IN THE SUPREME COURT
REPUBLIC OF THE MARSHALL ISLANDS


S.Ct. CIVIL NO. 00-06
(High Ct. Civil No. 1997-261)


THE REPUBLIC OF THE MARSHALL ISLANDS,
Plaintiff,


-v-


AMERICAN TOBACCO COMPANY, et al.,
Defendants.


REMOVAL BY THE HIGH COURT


MARCH 27, 2001


FIELDS, C. J.
GOODWIN, A.J. pro tem,1 and KURREN, A.J. pro tem2


SUMMARY:


The Supreme Court denied Defendants' motion to dismiss conditionally without prejudice to re-file in a proper forum. The Court found that the courts of the Republic and potential jurors did not have disqualifying interests in the outcome of the litigation.


DIGEST:


1. APPEAL AND ERROR - Review - Discretionary Matters - Motions in General: The standard of review of the High Court's order denying the motions may be reversed only for an abuse of discretion.


OPINION BY FIELDS, C.J.


Defendants filed a motion to disqualify the courts in the Republic of the Marshall Islands from hearing this action and requesting that this action be dismissed conditionally without prejudice, to re-file in a proper forum.

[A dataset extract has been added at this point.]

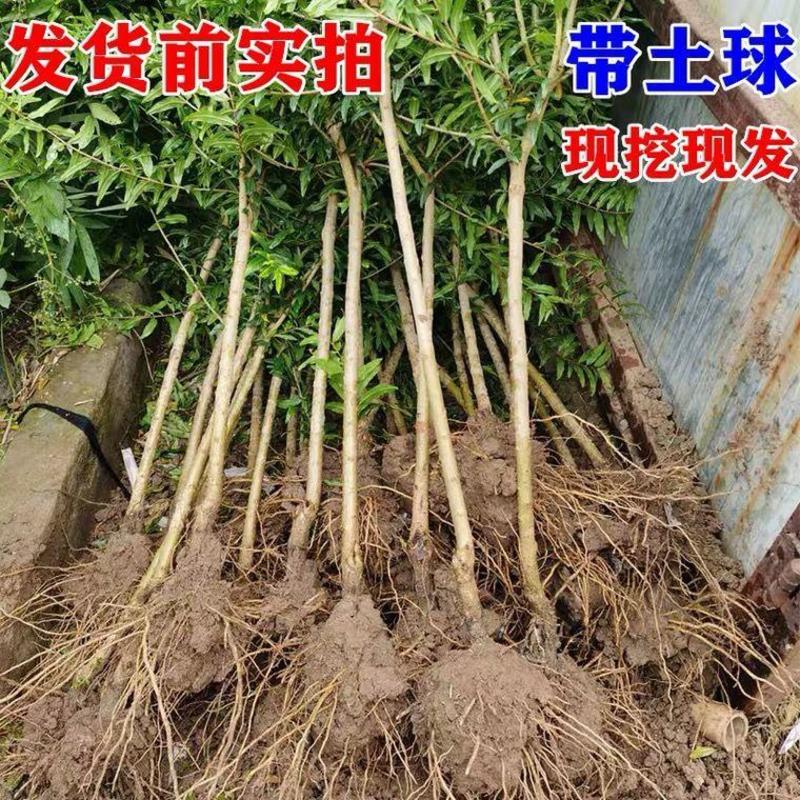 优质蒙阳红石榴苗原土保湿发苗现挖现发包成活包技术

It is alleged as a basis for this motion that (1) the judges and jurors alike have a disqualifying interest in the outcome of the litigation; (2) the relationship between the citizens of the Republic and their government, the translational barriers and the absence of jury experience in the Republic; (3) the RMI's government early termination of a judge's contract originally assigned to this case; and (4) an alleged long history of the RMI's government interference with the judiciary.


The trial court denied Defendants' motion to disqualify the courts and granted Defendants' motion ordering this matter removed to the Supreme Court pursuant to Art. VI, Section 2(3) of the RMI's Constitution, which provides for the removal of "any question arising as to the interpretation or effect of the Constitution in any proceeding of the High Court." Defendants allege the constitutional question is whether the Defendants' right to due process of law guaranteed by Art. 11, Section 4 would be violated by a trial by a jury of RMI citizens or by a judge in the Marshall Islands.


[1] The standard of review of the High Court's order denying the motions may be reversed only for an abuse of discretion. Thomassen v. United States, [1987] USCA9 2354; 835 F.2d 727 (9th Cir, 1987). Defendants arguments are without merit. The judges and jurors of the Marshall Islands are not parties to this law suit and will not directly receive any damages that may be recovered. While the attorneys appearing in this case are trained in the law in the United States and some are licensed and continue to practice there, they have failed to cite any case from the United States that prevents judges or jurors in those jurisdictions from hearing these same claims brought before there.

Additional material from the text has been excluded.